No pictures belong in the copy. Retype exactly, and only, the stretch of lines below from the one with "[阿尔法]松下高端机套装家用大容量洗烘组合纳诺怡护理P5HD+H5" through the one with "Владимир Чистюхин - ЦБ".

========

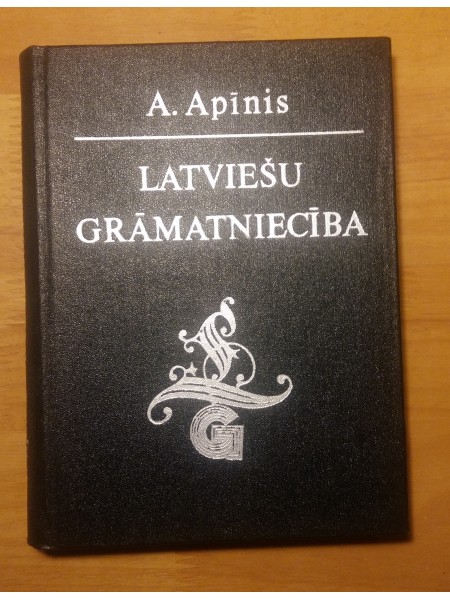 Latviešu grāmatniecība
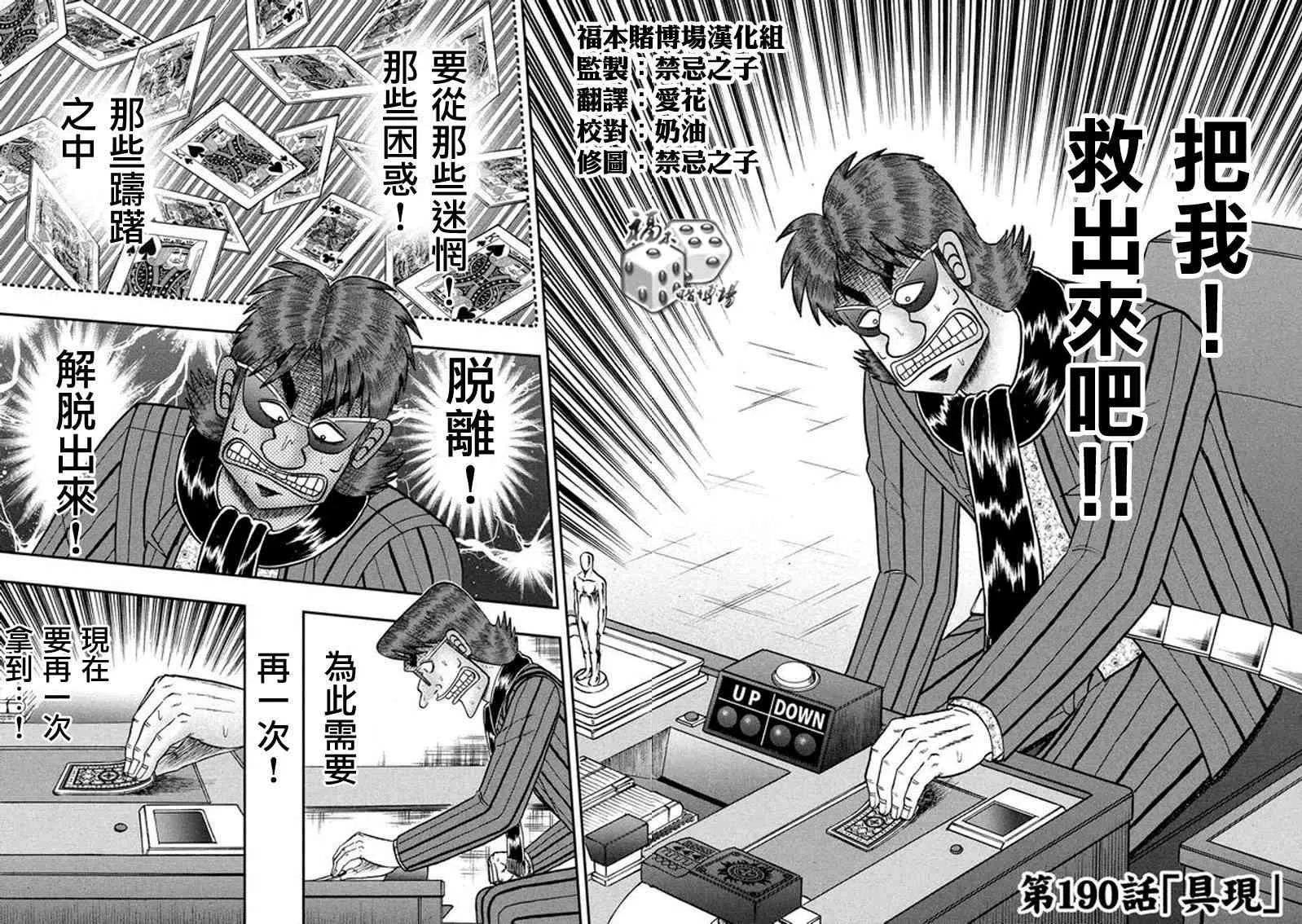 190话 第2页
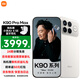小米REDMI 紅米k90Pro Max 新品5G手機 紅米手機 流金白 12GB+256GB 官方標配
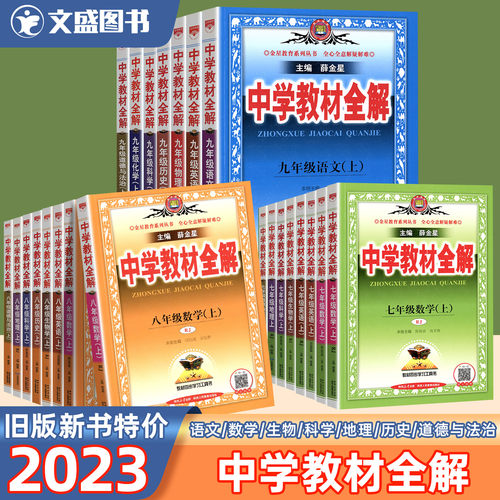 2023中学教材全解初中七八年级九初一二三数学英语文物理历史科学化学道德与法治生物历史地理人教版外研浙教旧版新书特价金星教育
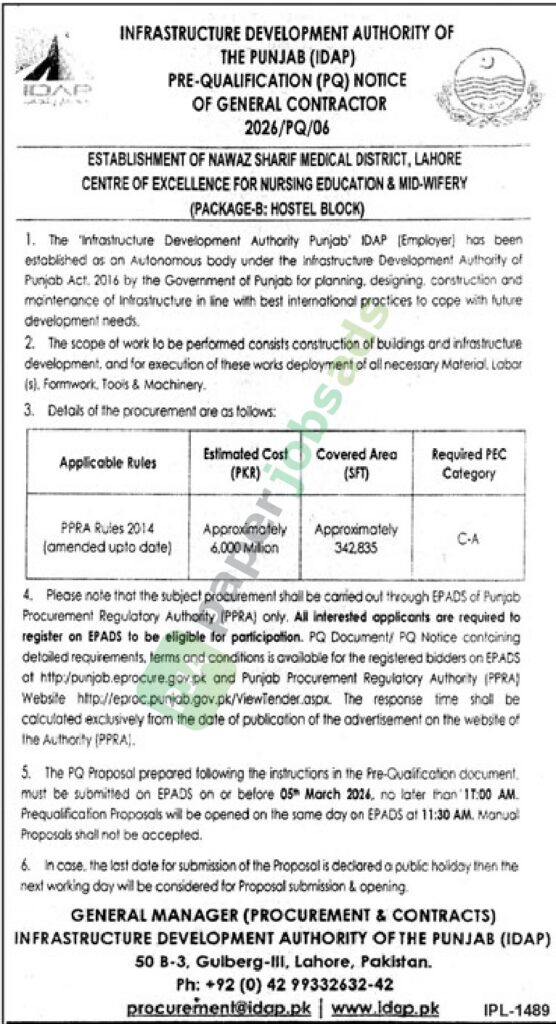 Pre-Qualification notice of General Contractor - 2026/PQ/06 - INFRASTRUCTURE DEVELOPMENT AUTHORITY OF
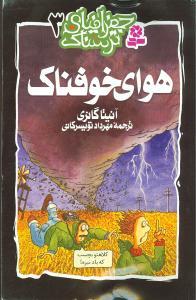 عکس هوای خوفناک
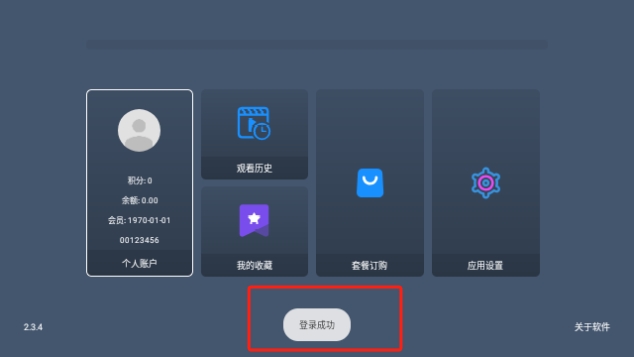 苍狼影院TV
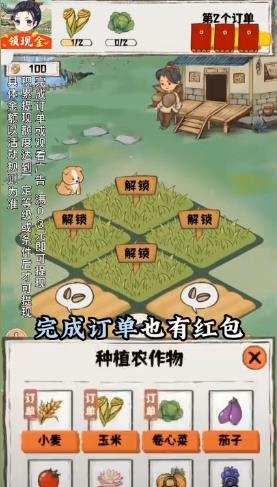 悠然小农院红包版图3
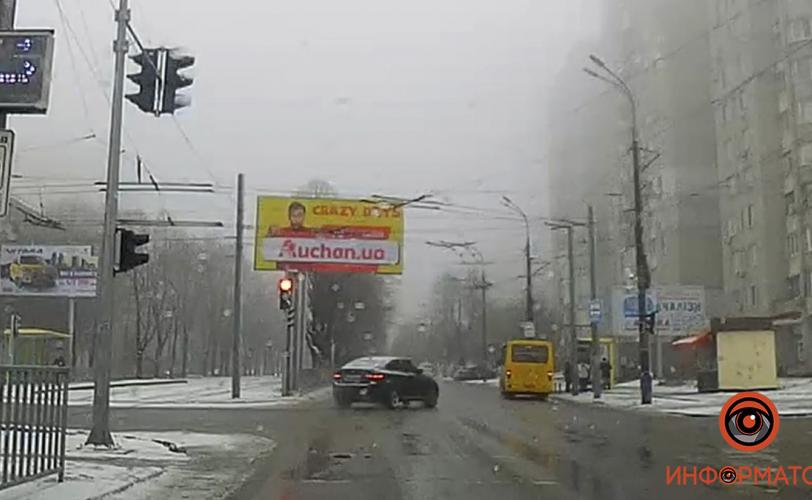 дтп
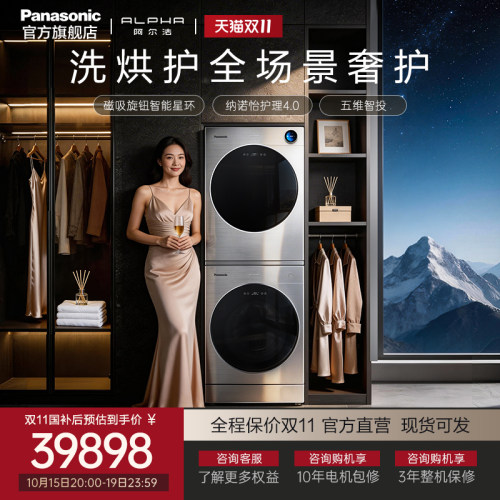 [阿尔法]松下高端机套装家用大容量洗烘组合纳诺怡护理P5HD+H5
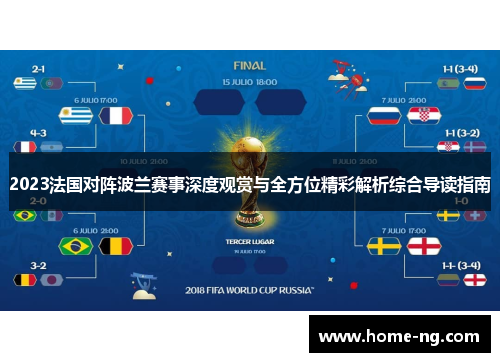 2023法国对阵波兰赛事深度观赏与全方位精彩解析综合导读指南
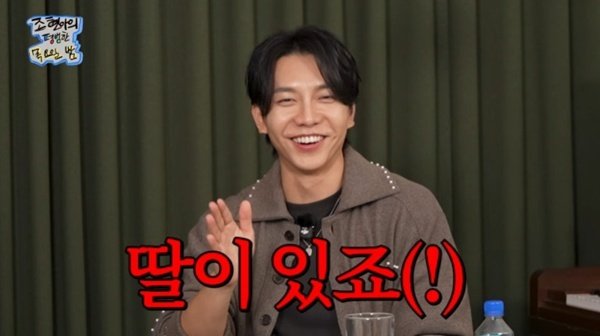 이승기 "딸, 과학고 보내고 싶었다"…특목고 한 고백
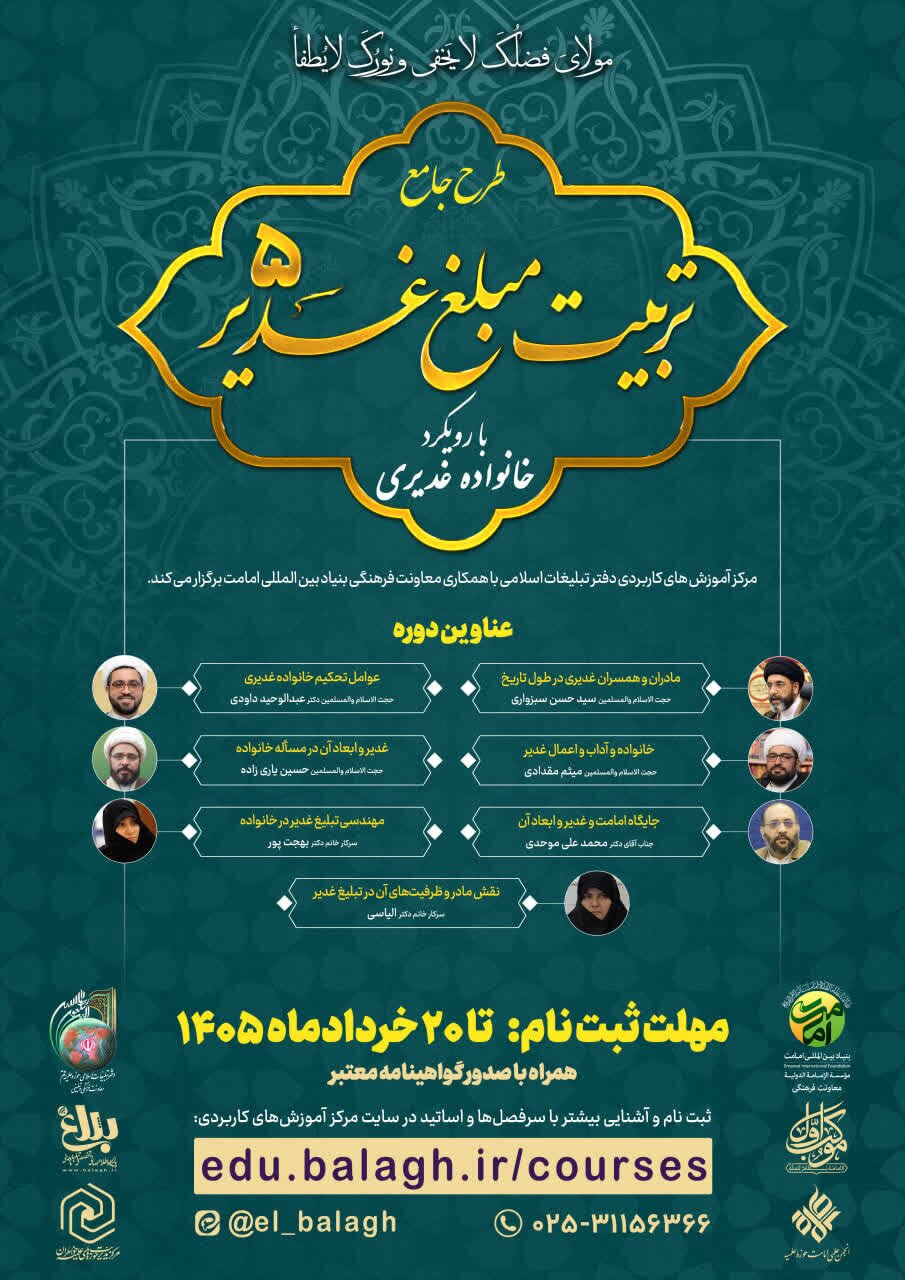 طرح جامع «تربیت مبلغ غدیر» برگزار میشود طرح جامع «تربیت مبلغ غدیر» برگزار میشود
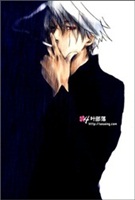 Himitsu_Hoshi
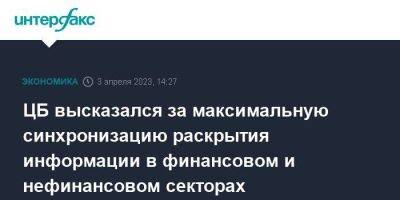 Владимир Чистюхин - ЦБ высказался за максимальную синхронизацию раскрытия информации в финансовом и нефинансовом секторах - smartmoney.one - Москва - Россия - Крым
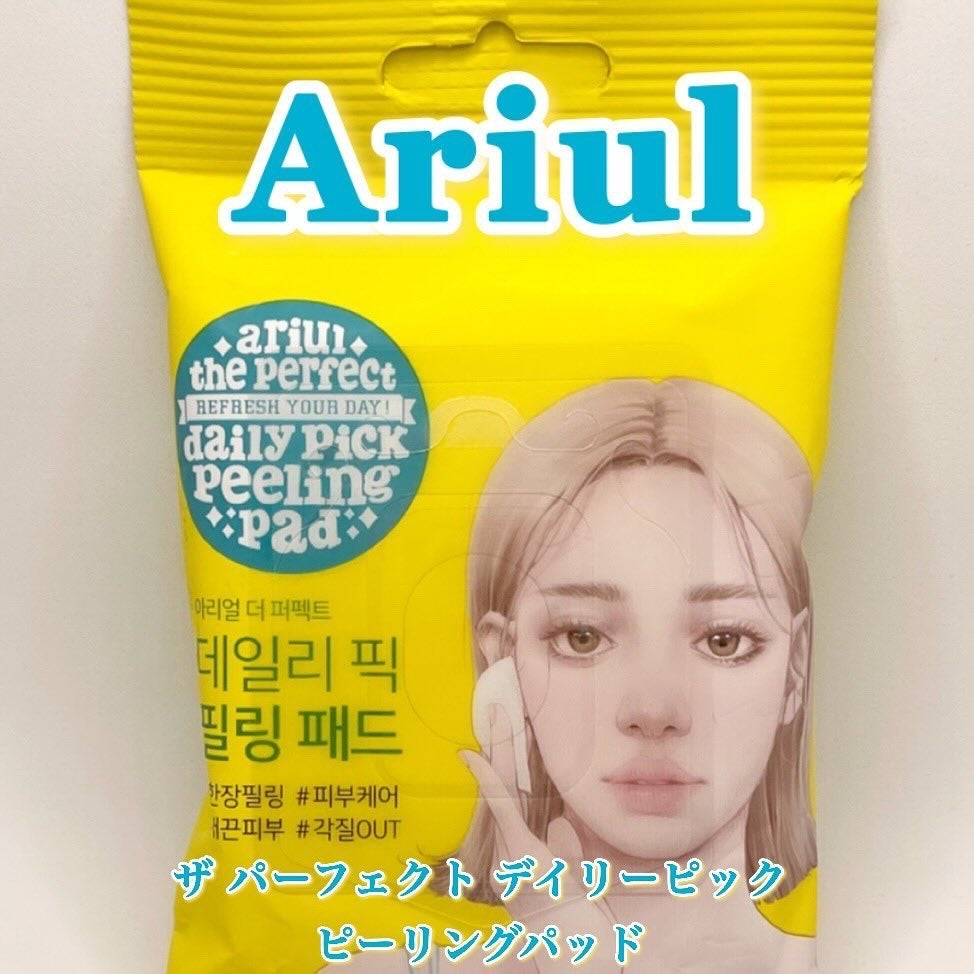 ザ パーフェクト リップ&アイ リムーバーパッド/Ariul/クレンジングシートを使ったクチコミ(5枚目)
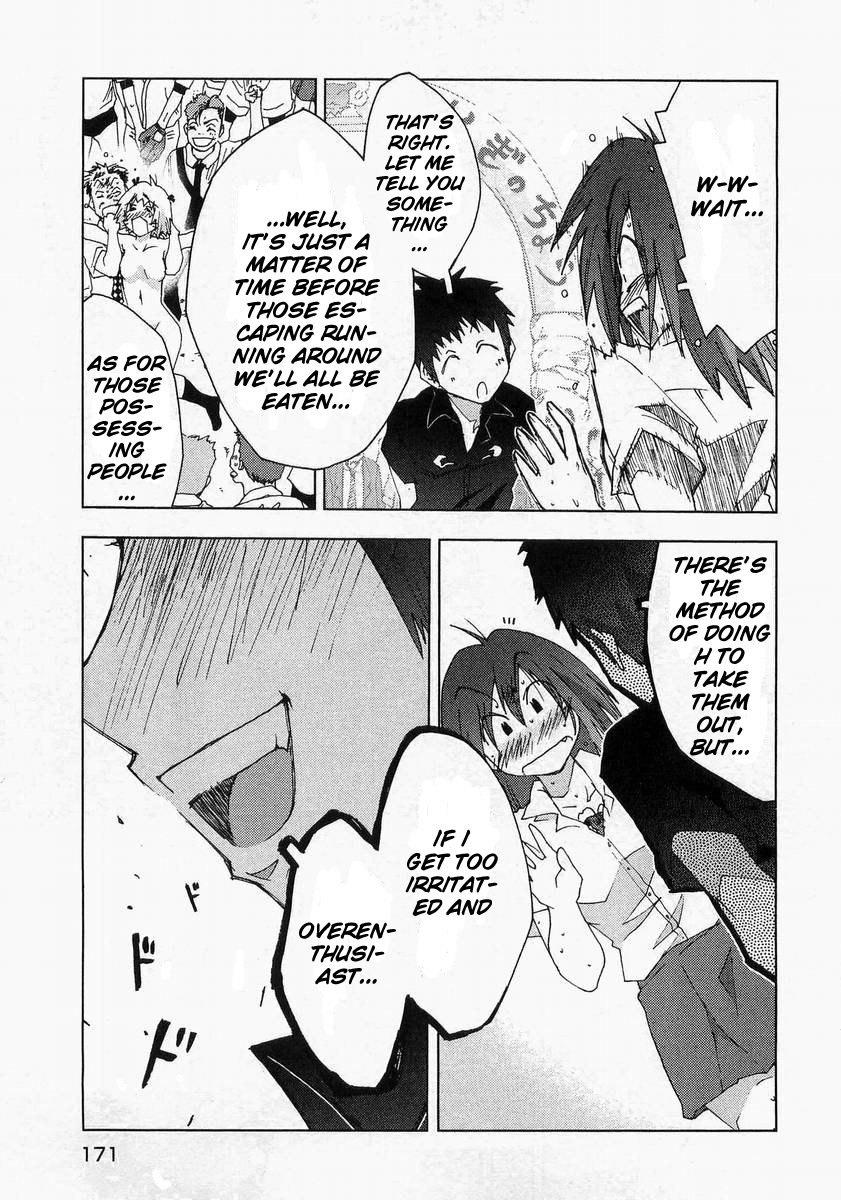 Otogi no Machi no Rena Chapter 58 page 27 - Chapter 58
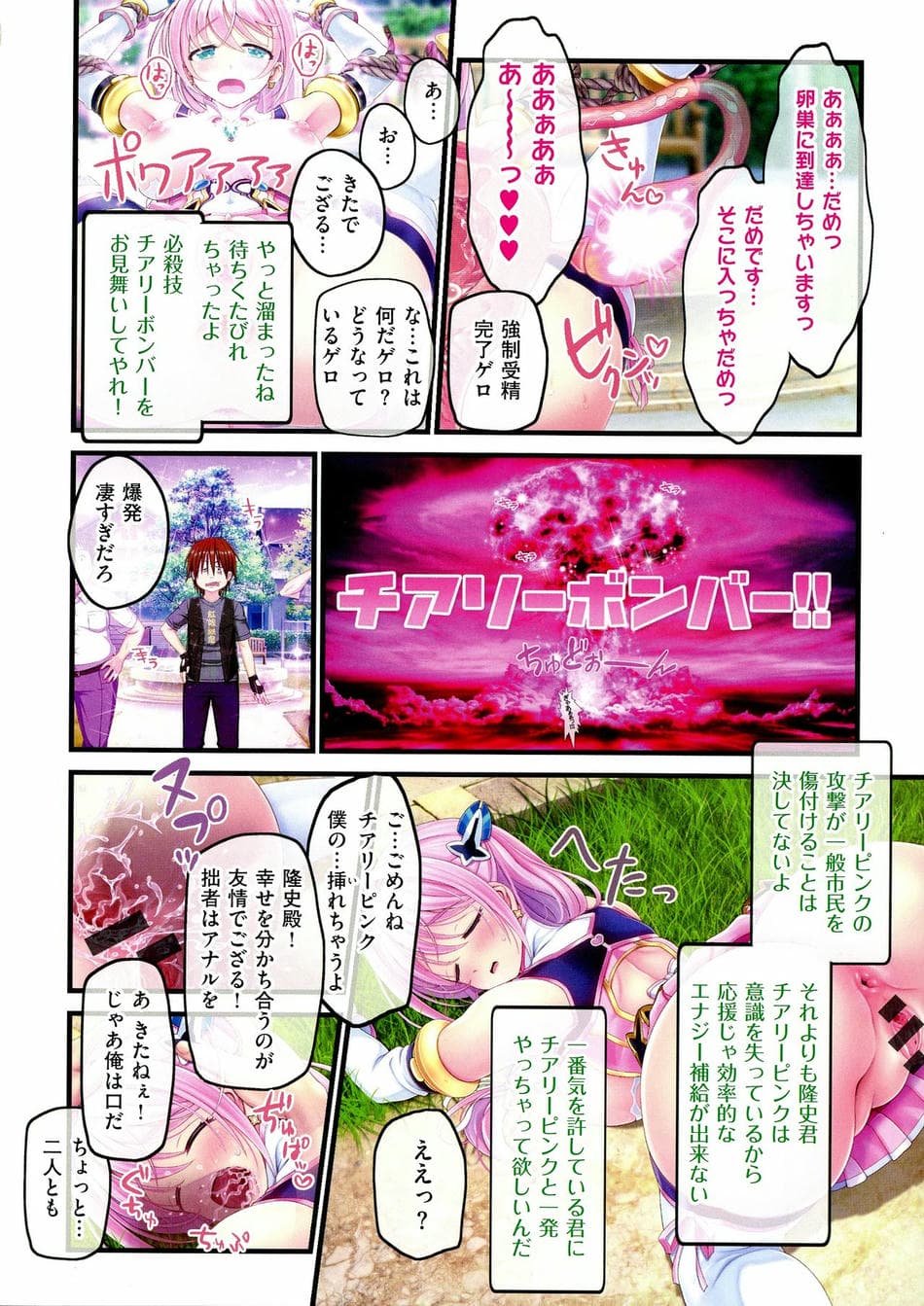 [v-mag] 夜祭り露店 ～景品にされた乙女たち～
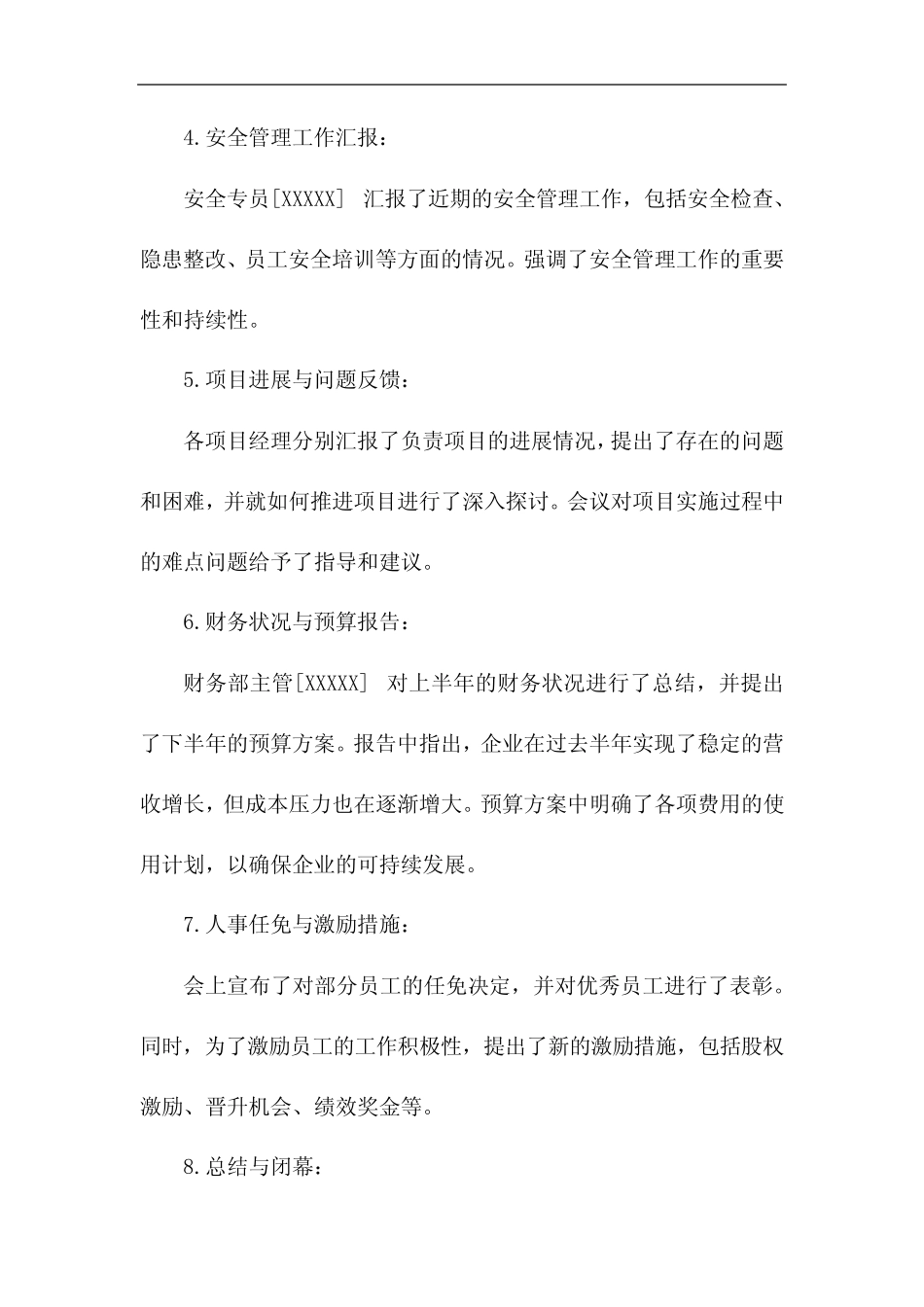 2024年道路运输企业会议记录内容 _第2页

========

● Output below
 [阿尔法]松下高端机套装家用大容量洗烘组合纳诺怡护理P5HD+H5
 2023法国对阵波兰赛事深度观赏与全方位精彩解析综合导读指南
 이승기 "딸, 과학고 보내고 싶었다"…특목고 한 고백
 طرح جامع «تربیت مبلغ غدیر» برگزار میشود طرح جامع «تربیت مبلغ غدیر» برگزار میشود
 Himitsu_Hoshi
 Владимир Чистюхин - ЦБ высказался за максимальную синхронизацию раскрытия информации в финансовом и нефинансовом секторах - smartmoney.one - Москва - Россия - Крым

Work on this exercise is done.